Short web captions:
-.-.-

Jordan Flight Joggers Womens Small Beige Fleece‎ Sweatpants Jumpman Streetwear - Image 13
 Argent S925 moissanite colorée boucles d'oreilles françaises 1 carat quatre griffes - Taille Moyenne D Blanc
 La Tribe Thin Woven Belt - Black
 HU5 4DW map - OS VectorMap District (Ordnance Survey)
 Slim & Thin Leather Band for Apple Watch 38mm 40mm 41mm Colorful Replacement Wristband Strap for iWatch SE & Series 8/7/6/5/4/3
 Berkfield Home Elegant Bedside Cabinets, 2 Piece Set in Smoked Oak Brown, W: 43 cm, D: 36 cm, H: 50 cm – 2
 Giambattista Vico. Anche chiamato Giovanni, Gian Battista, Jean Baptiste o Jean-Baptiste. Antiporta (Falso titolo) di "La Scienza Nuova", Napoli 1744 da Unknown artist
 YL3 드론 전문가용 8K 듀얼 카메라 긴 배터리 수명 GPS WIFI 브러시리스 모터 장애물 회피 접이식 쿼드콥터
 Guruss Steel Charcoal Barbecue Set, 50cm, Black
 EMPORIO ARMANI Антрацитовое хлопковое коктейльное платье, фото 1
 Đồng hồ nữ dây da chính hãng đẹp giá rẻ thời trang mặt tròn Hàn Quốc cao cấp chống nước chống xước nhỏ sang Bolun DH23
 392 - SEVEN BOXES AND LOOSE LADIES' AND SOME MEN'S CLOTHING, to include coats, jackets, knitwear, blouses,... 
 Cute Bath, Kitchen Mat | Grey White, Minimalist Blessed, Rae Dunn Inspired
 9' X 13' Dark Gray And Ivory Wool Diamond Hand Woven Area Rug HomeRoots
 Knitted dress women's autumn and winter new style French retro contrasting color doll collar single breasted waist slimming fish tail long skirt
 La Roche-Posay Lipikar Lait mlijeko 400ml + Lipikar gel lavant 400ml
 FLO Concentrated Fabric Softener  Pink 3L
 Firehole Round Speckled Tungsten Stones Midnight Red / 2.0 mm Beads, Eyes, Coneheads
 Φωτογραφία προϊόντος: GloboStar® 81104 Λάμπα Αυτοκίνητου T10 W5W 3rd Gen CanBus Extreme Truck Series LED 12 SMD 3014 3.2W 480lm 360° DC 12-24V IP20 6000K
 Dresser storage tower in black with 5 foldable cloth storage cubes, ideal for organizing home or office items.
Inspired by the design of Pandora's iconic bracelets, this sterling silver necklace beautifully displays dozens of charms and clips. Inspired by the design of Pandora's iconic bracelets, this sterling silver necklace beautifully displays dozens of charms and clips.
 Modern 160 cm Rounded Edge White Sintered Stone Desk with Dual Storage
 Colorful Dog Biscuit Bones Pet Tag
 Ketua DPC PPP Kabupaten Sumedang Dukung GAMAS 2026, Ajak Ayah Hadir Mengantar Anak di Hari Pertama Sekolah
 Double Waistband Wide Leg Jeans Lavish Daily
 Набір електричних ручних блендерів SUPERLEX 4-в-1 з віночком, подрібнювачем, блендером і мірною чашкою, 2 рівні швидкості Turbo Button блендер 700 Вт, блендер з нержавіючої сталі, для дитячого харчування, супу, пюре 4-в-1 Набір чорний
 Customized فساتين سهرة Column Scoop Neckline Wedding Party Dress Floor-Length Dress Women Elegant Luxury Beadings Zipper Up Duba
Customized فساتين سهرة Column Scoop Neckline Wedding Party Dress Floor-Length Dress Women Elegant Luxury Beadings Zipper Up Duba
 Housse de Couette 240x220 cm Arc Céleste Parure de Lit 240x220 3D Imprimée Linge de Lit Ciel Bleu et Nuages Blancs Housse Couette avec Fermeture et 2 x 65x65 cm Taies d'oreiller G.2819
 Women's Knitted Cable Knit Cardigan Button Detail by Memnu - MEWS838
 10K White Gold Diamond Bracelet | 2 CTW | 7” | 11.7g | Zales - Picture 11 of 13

-.-.-

## [TASK BRIEF]
Would you report every line of the entries above containing the word "Series"?

## [ANSWER BOX]
 Slim & Thin Leather Band for Apple Watch 38mm 40mm 41mm Colorful Replacement Wristband Strap for iWatch SE & Series 8/7/6/5/4/3
 Φωτογραφία προϊόντος: GloboStar® 81104 Λάμπα Αυτοκίνητου T10 W5W 3rd Gen CanBus Extreme Truck Series LED 12 SMD 3014 3.2W 480lm 360° DC 12-24V IP20 6000K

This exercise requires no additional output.